How to Avoid Burnout in 2013?

Key Point: People are searching ways to feel less burned out and overwhelmed at work. Tony Schwartz’ March 2012 Harvard Business Review blog, The Magic of Doing One Thing at a Time, was the most widely read of all HBR posts last year. Why?

Research states that between 25 and 50 percent of people report feeling overwhelmed or burned out at work. It’s not just the number of hours we’re logging, but also the fact that we spend too many continuous hours juggling too many things at the same time.

As Schwartz states in his blog:

“What we’ve lost, above all, are stopping points, finish lines and boundaries. Technology has blurred them beyond recognition. Wherever we go, our work follows us, on our digital devices, ever insistent and intrusive. It’s like an itch we can’t resist scratching, even though scratching invariably makes it worse… The biggest cost — assuming you don’t crash — is to your productivity. In part, that’s a simple consequence of splitting your attention, so that you’re partially engaged in multiple activities but rarely fully engaged in any one. In part, it’s because when you switch away from a primary task to do something else, you’re increasing the time it takes to finish that task by an average of 25 percent… But most insidiously, it’s because if you’re always doing something, you’re relentlessly burning down your available reservoir of energy over the course of every day, so you have less available with every passing hour.”

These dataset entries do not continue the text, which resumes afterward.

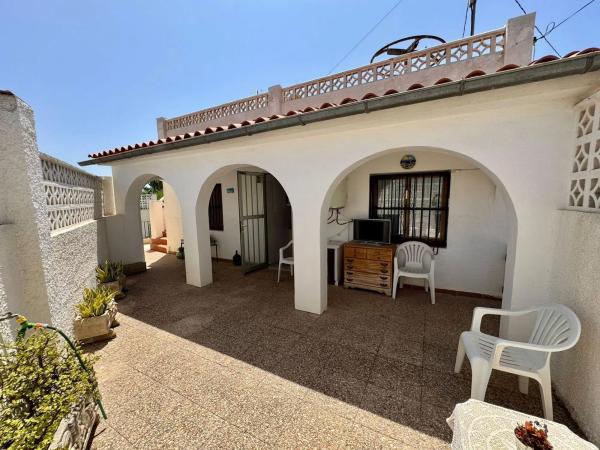 Casa independiente en calle Xorta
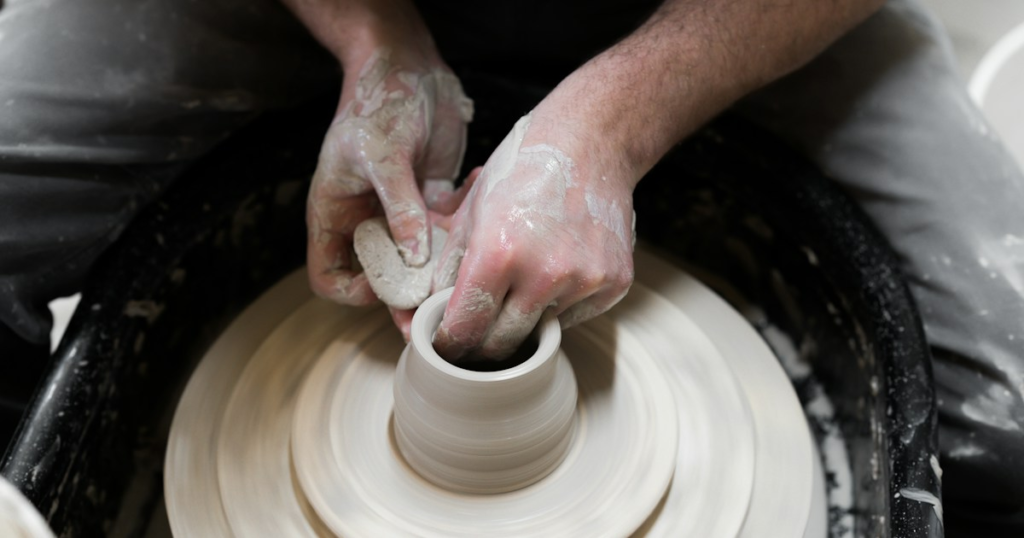 Easy clay and pottery crafts to make at home in 2026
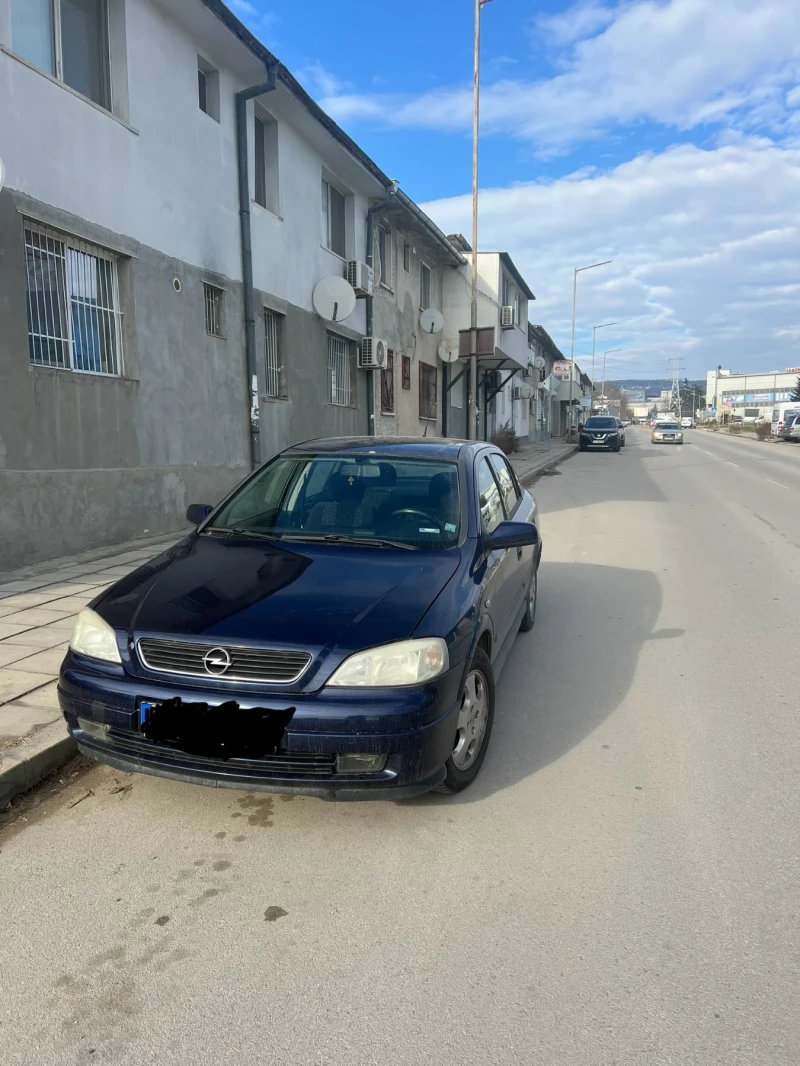 Opel Astra, снимка 3 - Автомобили и джипове - 48910190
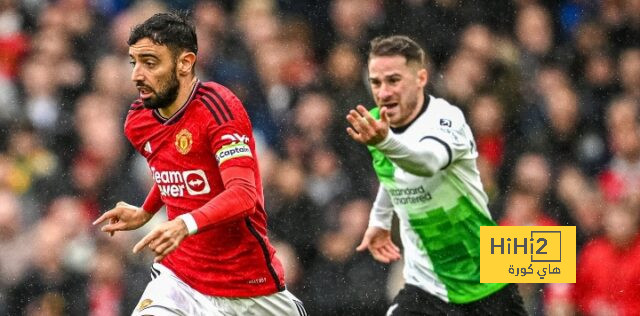 انطلاق الشوط الثاني من مباراة مانشستر يونايتد و ليفربول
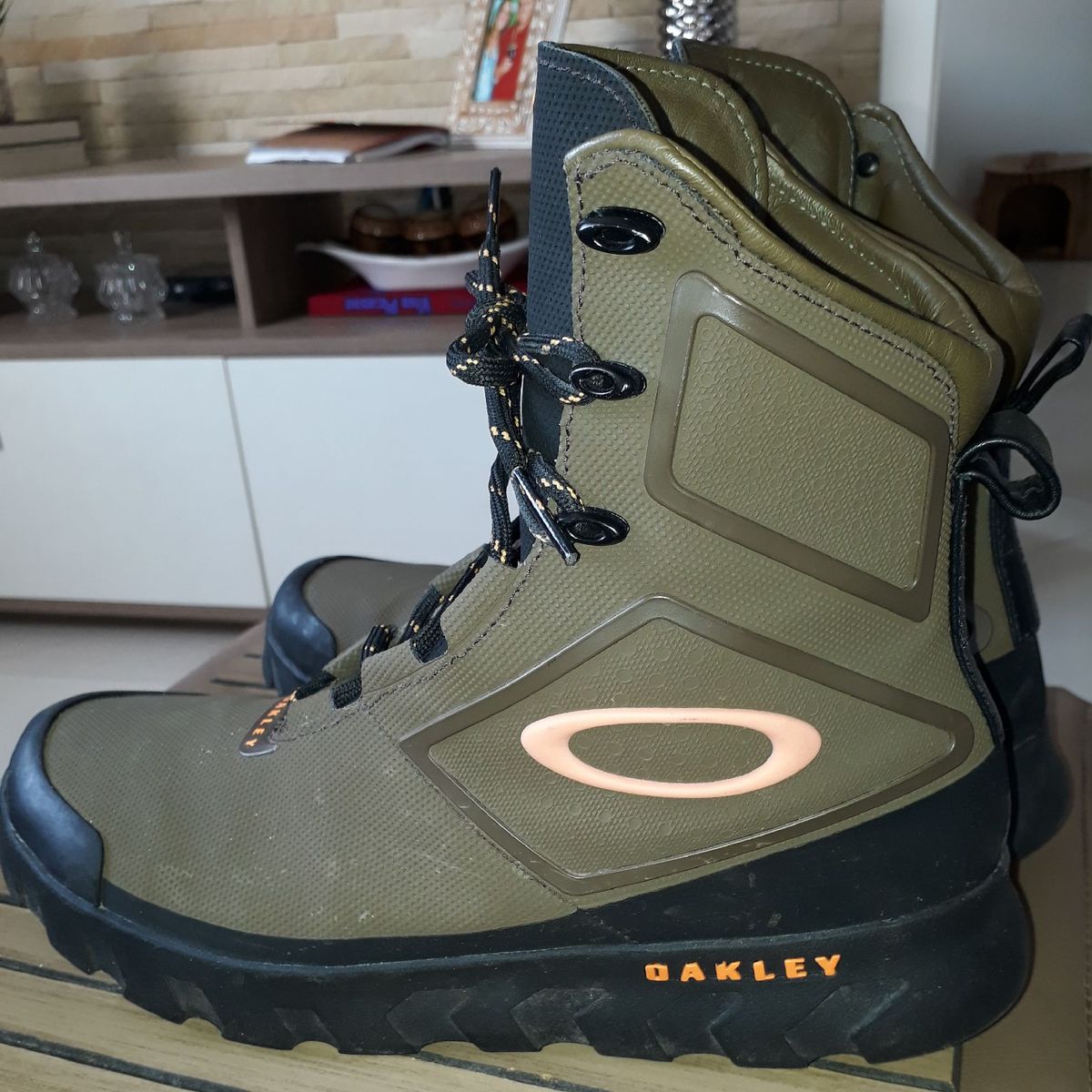 bota cano alto da oakley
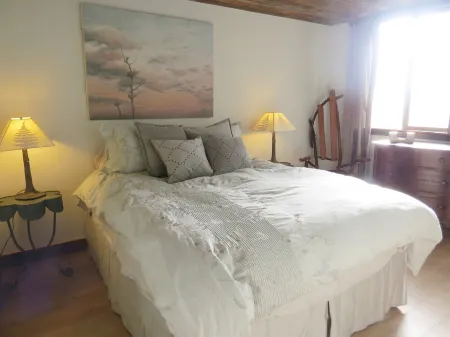 Breathtaking Views of Yellowstone on the Yellowstone River in a Luxury Lodge!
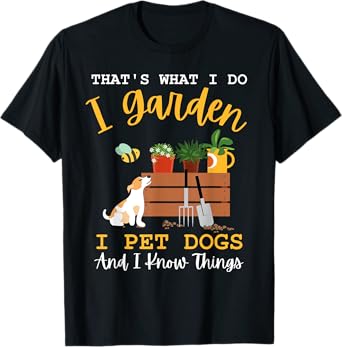 Gardener Mom I Garden I Pet Dogs And I Know Things Plants T-Shirt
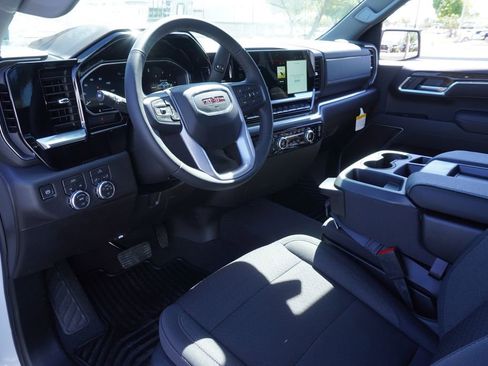 New 2026 GMC Sierra 1500 Elevation image 17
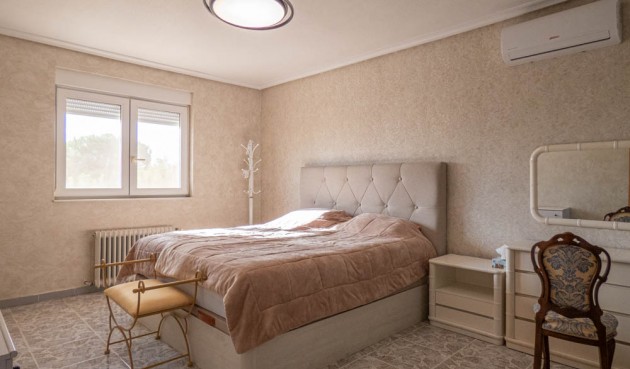 Reventa - Villa -
San Miguel de Salinas - Inland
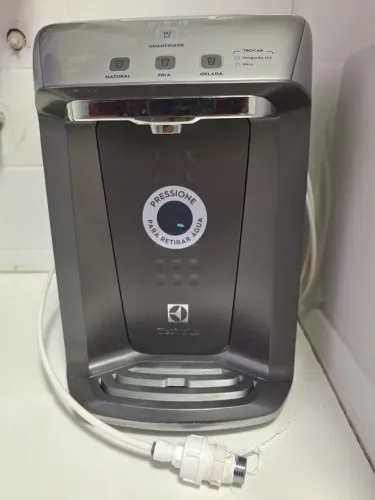 Purificador Electrolux Eletrônico c/ Painel Digital e Filtro Luz UV Bivolt Cinza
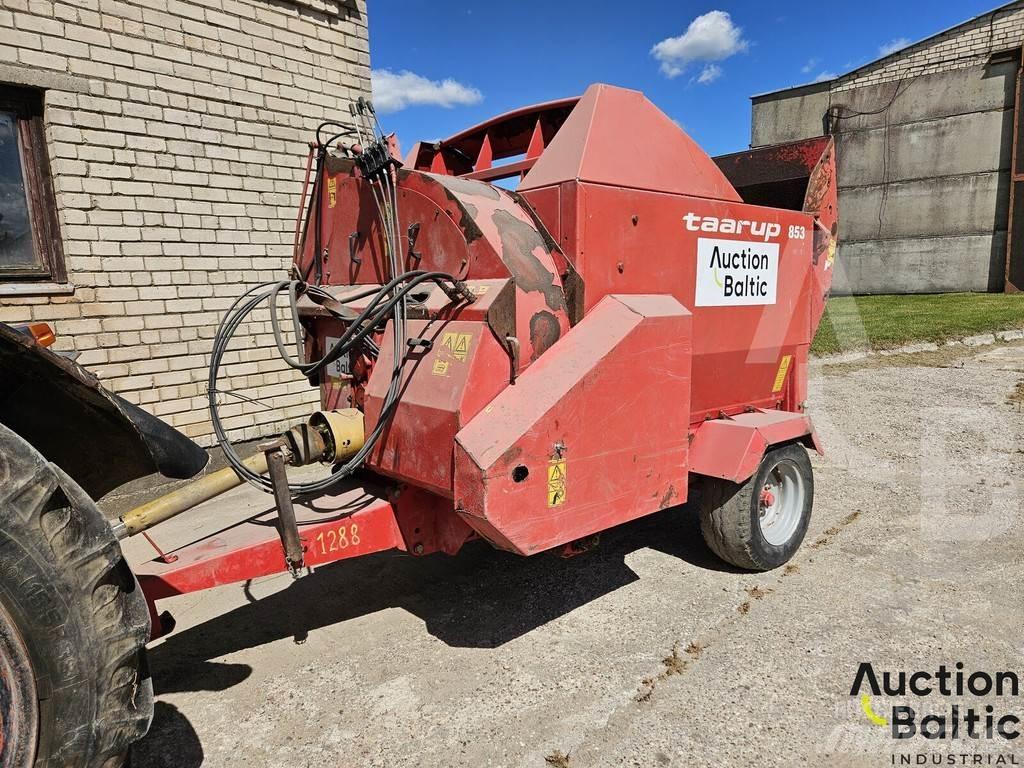 Kverneland TA 853 آلات تمزيق الحزم وتقطيعها ونشرها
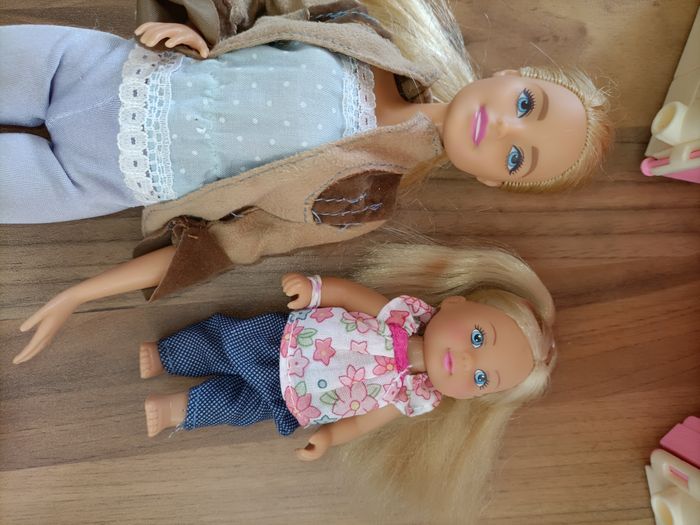 Écurie barbie avec 2 poupées, 2 chevaux et accessoires - photo numéro 5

Obviously no one wins when we behave like this. And if you think this whirling, dervish behavior makes you less expendable or indispensable, think again. What you and your manager should be focused on is your results, not whether you show your dedication by turning into a frazzled mess at the end of the day. My observation is that we self-inflict much of this unproductive behavior. No one really makes us do it. So what can we do on our own, without waiting for or needing anyone’s approval?

Character Moves:

  1. In 2013, get 100 percent CLEAR on what measurable results are expected of you and your role. (Not activities, results)! Be relentless to define this with your boss. Do not let him/her off the hook. You and your boss both need this clarity.
  2. Use these defined results as a filter to review whether any activity you are involved with contributes to your results. Do not work anyone else’s agenda! I don’t mean that you shouldn’t be a team player, but teamwork should be at the intersect between your obligations and others… Nowhere else. This is especially true if attending to other emails, while perhaps entertaining, involves mostly non-value added stuff. Often, reading your emails first thing in the morning can inadvertently send you working/commenting on less urgent matters. Before you know it, a few hours have passed and you have done little to accomplish what you are responsible for.
  3. Determine what you want/need to accomplish each day and attend to your highest priories first, if you can. If you need information in specific emails to get your vital work done first, find those and skip by all the distracting subject headings. This takes personal discipline. If you are a natural procrastinator, ignore tasks that have less negative consequences till you have time to accomplish them.
  4. Block out segments in your day for strategic planning or thinking. If you have any discretion in your schedule, consciously make time. This includes some renewal activity each day, like a walk, 10-minute snooze, a real lunch, etc. No fear. Ignore what others may think. Remember that you’re focused on results, not just looking good and busy.
  5. Take real vacations to regenerate yourself. There is nothing heroic in letting your vacation pile up. You are doing both you and your employer a disservice if you do. When you’re at work, you should be laser focused and fully engaged. That’s what you’re getting paid for. When you are taking a break, really get refreshed. Working through most of your vacation because your smartphone and tablet are by your side is DUMB… It’s not a sign of incredible dedication. If you’re not expendable for at least a few days, your employer is not resourcing the role properly or you took your vacation without a good plan for things you are responsible for. Do not take on that burden as well.